* [ASSIGNMENT] From the line with "Kawasaki Z300r A2" to the line with "2007 BMW 1 Series", retype every line exactly, including those two, and leave out the rest of the data below.

[[ AVAILABLE DATA open ]]

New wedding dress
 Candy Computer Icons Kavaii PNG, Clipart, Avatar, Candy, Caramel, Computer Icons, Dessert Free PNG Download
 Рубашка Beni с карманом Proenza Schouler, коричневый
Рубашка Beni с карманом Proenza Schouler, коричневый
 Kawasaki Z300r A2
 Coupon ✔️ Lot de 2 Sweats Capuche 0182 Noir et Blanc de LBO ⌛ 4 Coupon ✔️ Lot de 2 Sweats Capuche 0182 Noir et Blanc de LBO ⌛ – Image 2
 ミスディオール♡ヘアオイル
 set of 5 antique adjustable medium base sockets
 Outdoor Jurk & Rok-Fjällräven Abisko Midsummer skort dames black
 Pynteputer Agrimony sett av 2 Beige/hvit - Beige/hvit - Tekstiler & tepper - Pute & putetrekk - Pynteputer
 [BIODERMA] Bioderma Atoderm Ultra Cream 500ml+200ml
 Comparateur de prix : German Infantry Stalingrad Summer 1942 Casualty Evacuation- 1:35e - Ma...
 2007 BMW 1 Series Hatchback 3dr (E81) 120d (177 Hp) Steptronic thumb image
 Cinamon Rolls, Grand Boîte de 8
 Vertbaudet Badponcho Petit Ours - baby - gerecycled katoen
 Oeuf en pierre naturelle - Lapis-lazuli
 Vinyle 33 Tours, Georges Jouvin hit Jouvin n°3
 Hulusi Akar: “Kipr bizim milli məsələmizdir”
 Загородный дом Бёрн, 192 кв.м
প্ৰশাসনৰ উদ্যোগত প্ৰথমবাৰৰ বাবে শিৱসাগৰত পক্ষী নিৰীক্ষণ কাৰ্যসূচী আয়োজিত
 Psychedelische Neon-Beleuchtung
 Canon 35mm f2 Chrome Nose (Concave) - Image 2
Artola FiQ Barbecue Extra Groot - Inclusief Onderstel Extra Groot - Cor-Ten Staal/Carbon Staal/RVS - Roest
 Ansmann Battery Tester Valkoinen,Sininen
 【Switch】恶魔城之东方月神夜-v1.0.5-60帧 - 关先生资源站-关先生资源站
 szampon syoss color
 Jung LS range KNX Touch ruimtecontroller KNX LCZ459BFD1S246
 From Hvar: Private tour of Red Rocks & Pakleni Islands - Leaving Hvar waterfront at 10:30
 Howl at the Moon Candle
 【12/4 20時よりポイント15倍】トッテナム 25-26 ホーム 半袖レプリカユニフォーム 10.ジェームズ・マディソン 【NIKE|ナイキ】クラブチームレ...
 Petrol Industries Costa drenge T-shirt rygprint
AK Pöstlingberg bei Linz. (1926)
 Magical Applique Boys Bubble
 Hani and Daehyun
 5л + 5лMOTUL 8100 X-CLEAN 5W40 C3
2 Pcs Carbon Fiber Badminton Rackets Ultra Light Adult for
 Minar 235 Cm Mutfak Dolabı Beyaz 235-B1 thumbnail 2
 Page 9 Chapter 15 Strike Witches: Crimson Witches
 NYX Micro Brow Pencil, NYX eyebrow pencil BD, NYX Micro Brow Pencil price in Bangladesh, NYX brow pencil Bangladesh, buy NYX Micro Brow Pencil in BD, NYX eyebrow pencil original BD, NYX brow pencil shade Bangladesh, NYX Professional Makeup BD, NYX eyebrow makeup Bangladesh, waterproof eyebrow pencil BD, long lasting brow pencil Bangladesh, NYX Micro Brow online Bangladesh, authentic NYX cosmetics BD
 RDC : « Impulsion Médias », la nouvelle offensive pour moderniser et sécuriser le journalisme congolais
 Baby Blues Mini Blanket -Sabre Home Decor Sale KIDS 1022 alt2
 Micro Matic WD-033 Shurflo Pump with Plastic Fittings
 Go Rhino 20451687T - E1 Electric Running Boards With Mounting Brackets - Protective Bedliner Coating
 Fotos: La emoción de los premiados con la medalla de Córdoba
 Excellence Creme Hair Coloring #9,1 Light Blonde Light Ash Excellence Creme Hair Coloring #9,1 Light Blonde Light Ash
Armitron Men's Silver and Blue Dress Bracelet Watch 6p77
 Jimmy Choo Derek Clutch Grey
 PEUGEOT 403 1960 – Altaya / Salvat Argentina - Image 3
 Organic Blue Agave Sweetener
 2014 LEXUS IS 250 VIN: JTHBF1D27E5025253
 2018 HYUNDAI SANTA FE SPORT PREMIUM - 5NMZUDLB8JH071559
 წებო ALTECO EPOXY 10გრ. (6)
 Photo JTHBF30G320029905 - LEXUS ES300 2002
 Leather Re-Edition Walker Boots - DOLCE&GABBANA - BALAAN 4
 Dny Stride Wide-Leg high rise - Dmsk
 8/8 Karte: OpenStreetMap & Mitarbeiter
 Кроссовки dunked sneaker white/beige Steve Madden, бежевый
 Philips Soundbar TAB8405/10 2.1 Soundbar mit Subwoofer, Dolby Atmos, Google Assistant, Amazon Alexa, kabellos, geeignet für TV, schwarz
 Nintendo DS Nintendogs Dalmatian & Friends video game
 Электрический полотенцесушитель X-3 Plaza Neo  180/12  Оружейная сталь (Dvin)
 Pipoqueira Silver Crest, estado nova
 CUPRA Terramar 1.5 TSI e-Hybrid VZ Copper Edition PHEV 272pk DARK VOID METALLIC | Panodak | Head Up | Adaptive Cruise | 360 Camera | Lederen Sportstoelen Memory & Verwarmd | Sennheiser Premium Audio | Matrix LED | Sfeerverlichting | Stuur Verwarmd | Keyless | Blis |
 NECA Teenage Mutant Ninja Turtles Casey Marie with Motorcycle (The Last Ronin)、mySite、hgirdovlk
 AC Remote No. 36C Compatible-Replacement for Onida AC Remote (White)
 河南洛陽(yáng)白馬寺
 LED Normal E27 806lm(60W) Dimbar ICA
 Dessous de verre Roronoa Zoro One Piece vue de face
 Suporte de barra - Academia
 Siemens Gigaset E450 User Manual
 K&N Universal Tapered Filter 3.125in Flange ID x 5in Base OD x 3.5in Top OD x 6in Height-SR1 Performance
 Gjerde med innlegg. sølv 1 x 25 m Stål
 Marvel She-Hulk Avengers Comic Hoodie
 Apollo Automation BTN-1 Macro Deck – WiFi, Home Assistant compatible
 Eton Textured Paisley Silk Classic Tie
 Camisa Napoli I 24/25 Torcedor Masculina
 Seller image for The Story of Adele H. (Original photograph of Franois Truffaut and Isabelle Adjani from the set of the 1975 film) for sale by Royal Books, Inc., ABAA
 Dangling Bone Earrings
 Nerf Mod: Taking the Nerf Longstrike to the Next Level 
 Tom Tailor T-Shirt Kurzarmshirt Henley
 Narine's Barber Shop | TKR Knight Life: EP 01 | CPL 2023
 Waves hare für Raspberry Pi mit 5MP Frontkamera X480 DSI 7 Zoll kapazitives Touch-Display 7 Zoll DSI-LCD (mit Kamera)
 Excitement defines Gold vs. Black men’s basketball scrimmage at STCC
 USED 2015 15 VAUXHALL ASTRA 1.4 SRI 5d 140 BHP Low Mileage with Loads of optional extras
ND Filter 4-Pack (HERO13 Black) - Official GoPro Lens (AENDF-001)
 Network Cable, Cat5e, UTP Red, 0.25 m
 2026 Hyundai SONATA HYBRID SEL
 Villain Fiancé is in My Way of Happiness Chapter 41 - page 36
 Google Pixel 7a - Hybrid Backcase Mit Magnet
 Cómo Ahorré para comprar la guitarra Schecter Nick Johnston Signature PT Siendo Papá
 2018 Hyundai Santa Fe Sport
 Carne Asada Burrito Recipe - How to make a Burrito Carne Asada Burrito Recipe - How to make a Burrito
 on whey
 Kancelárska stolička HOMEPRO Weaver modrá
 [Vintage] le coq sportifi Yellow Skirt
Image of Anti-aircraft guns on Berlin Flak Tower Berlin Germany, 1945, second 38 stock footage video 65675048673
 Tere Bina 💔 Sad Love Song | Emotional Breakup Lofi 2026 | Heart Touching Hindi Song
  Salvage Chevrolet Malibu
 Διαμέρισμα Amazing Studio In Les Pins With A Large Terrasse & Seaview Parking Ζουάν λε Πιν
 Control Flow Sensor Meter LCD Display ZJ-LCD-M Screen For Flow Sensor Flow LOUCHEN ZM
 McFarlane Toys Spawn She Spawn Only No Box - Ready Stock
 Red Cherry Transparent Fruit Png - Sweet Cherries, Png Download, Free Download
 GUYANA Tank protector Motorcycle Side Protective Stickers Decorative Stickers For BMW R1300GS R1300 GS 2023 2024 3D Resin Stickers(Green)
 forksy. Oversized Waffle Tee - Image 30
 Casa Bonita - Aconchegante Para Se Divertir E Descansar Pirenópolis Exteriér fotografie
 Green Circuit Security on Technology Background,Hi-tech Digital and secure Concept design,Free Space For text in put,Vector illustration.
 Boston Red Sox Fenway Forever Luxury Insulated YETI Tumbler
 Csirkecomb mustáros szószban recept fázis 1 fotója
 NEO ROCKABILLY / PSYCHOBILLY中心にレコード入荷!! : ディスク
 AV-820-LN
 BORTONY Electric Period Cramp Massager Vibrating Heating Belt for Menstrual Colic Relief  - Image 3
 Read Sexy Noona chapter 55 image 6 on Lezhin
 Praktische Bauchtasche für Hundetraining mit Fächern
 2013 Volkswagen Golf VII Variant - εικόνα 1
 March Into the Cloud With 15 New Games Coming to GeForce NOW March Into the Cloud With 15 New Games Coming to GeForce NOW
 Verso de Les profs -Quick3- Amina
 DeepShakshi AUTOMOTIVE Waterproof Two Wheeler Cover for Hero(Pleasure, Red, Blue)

[[ AVAILABLE DATA closed ]]

* [ANSWER FOR THE TASK]
 Kawasaki Z300r A2
 Coupon ✔️ Lot de 2 Sweats Capuche 0182 Noir et Blanc de LBO ⌛ 4 Coupon ✔️ Lot de 2 Sweats Capuche 0182 Noir et Blanc de LBO ⌛ – Image 2
 ミスディオール♡ヘアオイル
 set of 5 antique adjustable medium base sockets
 Outdoor Jurk & Rok-Fjällräven Abisko Midsummer skort dames black
 Pynteputer Agrimony sett av 2 Beige/hvit - Beige/hvit - Tekstiler & tepper - Pute & putetrekk - Pynteputer
 [BIODERMA] Bioderma Atoderm Ultra Cream 500ml+200ml
 Comparateur de prix : German Infantry Stalingrad Summer 1942 Casualty Evacuation- 1:35e - Ma...
 2007 BMW 1 Series Hatchback 3dr (E81) 120d (177 Hp) Steptronic thumb image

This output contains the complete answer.